Now I am working with this code instead since it seams easier…
I still want to get rid off the red and yellows and just have a blue/green/white color palette and to bee able to slow down the speed of the color changing
Any help would be greatly appreciated!
/* Title: inoise8_pal_demo.ino
*
* By: Andrew Tuline
*
* Date: August, 2016
*
* This short sketch demonstrates some of the functions of FastLED, including:
*
* Perlin noise
* Palettes
* Palette blending
* Alternatives to blocking delays
* Beats (and not the Dr. Dre kind, but rather the sinewave kind)
*
* Refer to the FastLED noise.h and lib8tion.h routines for more information on these functions.
*
*
* Recommendations for high performance routines:
*
* Don't use blocking delays, especially if you plan to use buttons for input.

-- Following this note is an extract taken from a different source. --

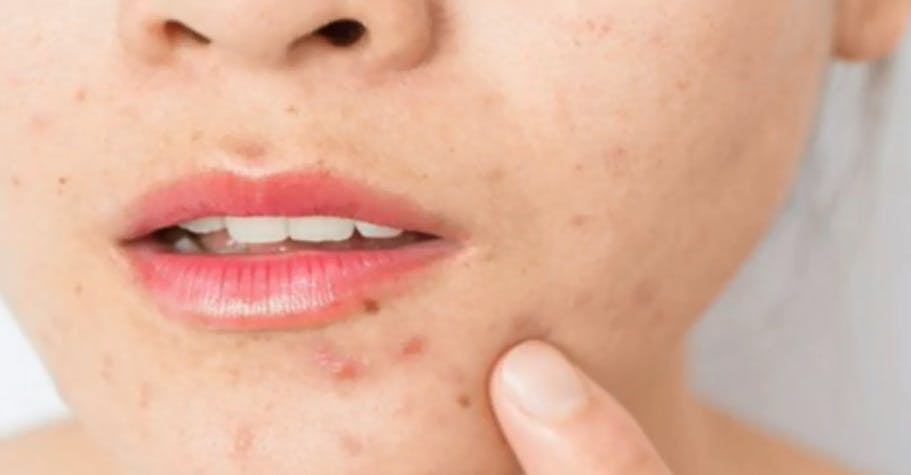 ¿Granitos en la cara por la mascarilla? Los problemas en la piel que ha dejado la pandemia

* Keep loops to a minimum, and don't use nested loops.
* Don't use floating point math. It's slow. Use 8 bit where possible.

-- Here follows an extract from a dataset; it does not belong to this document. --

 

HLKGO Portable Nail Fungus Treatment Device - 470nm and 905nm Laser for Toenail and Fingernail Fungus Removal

* Let high school and not elementary school math do the work for you, i.e. don't just count pixels; use sine waves or other math functions instead.

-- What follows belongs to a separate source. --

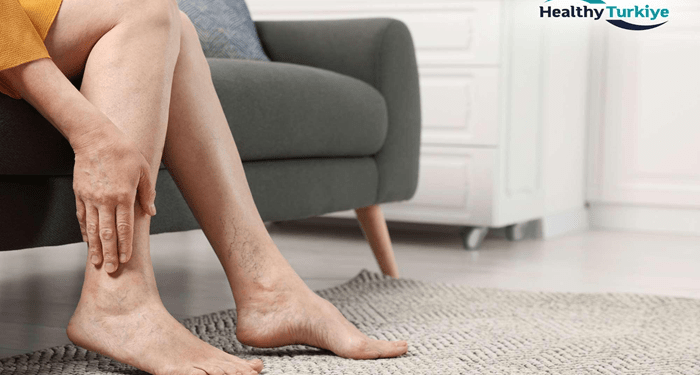 Surgical vs Non-Surgical Treatments for Chronic Venous Insufficiency in Turkey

* FastLED math functions are faster than built in math functions.
*
*/
#include "FastLED.h"
#if FASTLED_VERSION < 3001000
#error "Requires FastLED 3.1 or later; check github for latest code."
#endif
#define LED_PIN 6
// #define CLK_PIN 11
#define BRIGHTNESS 255
#define LED_TYPE WS2811
#define COLOR_ORDER BRG
#define NUM_LEDS 36
struct CRGB leds[NUM_LEDS];
CRGBPalette16 currentPalette(CRGB::Black);
CRGBPalette16 targetPalette(OceanColors_p);
void setup() {
Serial.begin(115200);
delay(1000);
LEDS.addLeds<LED_TYPE,LED_PIN,COLOR_ORDER>(leds,NUM_LEDS); // WS2812
// LEDS.addLeds<LED_TYPE,LED_PIN,CLK_PIN, COLOR_ORDER>(leds,NUM_LEDS); // APA102, WS8201
LEDS.setBrightness(BRIGHTNESS);
} // setup()
void loop() {
EVERY_N_MILLIS(10) {
nblendPaletteTowardPalette(currentPalette, targetPalette, 48); // Blend towards the target palette over 48 iterations
fillnoise8(); // Update the LED array with noise at the new location. You can put this in its own EVERY_N_MILLIS() function to speed up/slow down.
}
EVERY_N_SECONDS(5) { // Change the target palette to a random one every 5 seconds.
targetPalette = CRGBPalette16(CHSV(random8(), 255, random8(128,255)), CHSV(random8(), 255, random8(128,255)), CHSV(random8(), 192, random8(128,255)), CHSV(random8(), 255, random8(128,255)));
}
LEDS.show(); // Display the LED's at every loop cycle.
} // loop()
void fillnoise8() {
#define scale 30 // Don't change this programmatically or everything shakes.
static uint16_t dist; // A random number for our noise generator.
for(int i = 0; i < NUM_LEDS; i++) { // Just ONE loop to fill up the LED array as all of the pixels change.
uint8_t index = inoise8(i*scale, dist+i*scale); // Get a value from the noise function. I'm using both x and y axis.
leds[i] = ColorFromPalette(currentPalette, index, 255, LINEARBLEND); // With that value, look up the 8 bit colour palette value and assign it to the current LED.
}
dist += beatsin8(10,1, 4); // Moving along the distance (that random number we started out with). Vary it a bit with a sine wave.
// In some sketches, I've used millis() instead of an incremented counter. Works a treat.
} // fillnoise8()/* Title: inoise8_pal_demo.ino
*
* By: Andrew Tuline
*
* Date: August, 2016
*
* This short sketch demonstrates some of the functions of FastLED, including:
*
* Perlin noise
* Palettes
* Palette blending
* Alternatives to blocking delays
* Beats (and not the Dr. Dre kind, but rather the sinewave kind)
*
* Refer to the FastLED noise.h and lib8tion.h routines for more information on these functions.
*
*
* Recommendations for high performance routines:
*
* Don't use blocking delays, especially if you plan to use buttons for input.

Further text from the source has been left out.